SUMATERA UTARA | LINTASTIMOR.ID – Di tengah dinamika kehidupan demokrasi yang terus berkembang, stabilitas keamanan tetap menjadi fondasi utama bagi berlangsungnya pembangunan dan kehidupan bermasyarakat. Perbedaan pandangan boleh hadir sebagai bagian dari demokrasi, namun ketertiban dan penghormatan terhadap hukum harus tetap menjadi pijakan bersama.

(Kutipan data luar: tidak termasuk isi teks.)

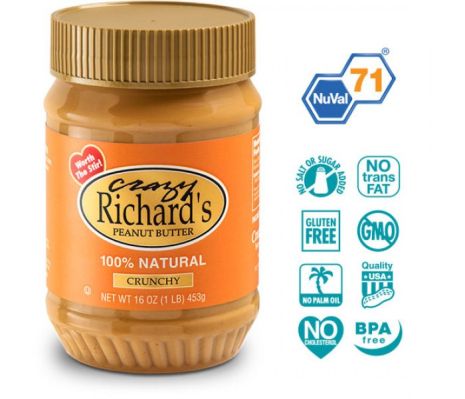 Арахісова паста Crazy Richard's Crunchy Natural, 454 грам (без солі та цукру). США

Semangat itulah yang disampaikan Ketua Pengurus Wilayah (PW) KAMMI Sumatera Utara, Hasan Basri, saat mengajak seluruh elemen masyarakat, khususnya kalangan mahasiswa, untuk bersama-sama menjaga kondusivitas daerah sebagai modal penting dalam mewujudkan kemajuan bangsa.
Menurut Hasan Basri, keamanan bukan hanya menjadi tanggung jawab aparat negara, melainkan merupakan tanggung jawab kolektif seluruh komponen masyarakat.
“Kami mengajak seluruh masyarakat dan mahasiswa di Sumatera Utara untuk bersama-sama menjaga kondusivitas daerah. Perbedaan pandangan hendaknya disampaikan melalui cara-cara yang bermartabat, menghormati hukum, dan mengedepankan dialog sebagai budaya demokrasi,” ungkap Hasan Basri.
Ia menegaskan, mahasiswa memiliki posisi strategis sebagai agent of change, social control, sekaligus mitra kritis yang konstruktif bagi seluruh lembaga negara. Peran tersebut, menurutnya, harus diwujudkan melalui kontribusi nyata yang memberikan manfaat bagi masyarakat dan bangsa.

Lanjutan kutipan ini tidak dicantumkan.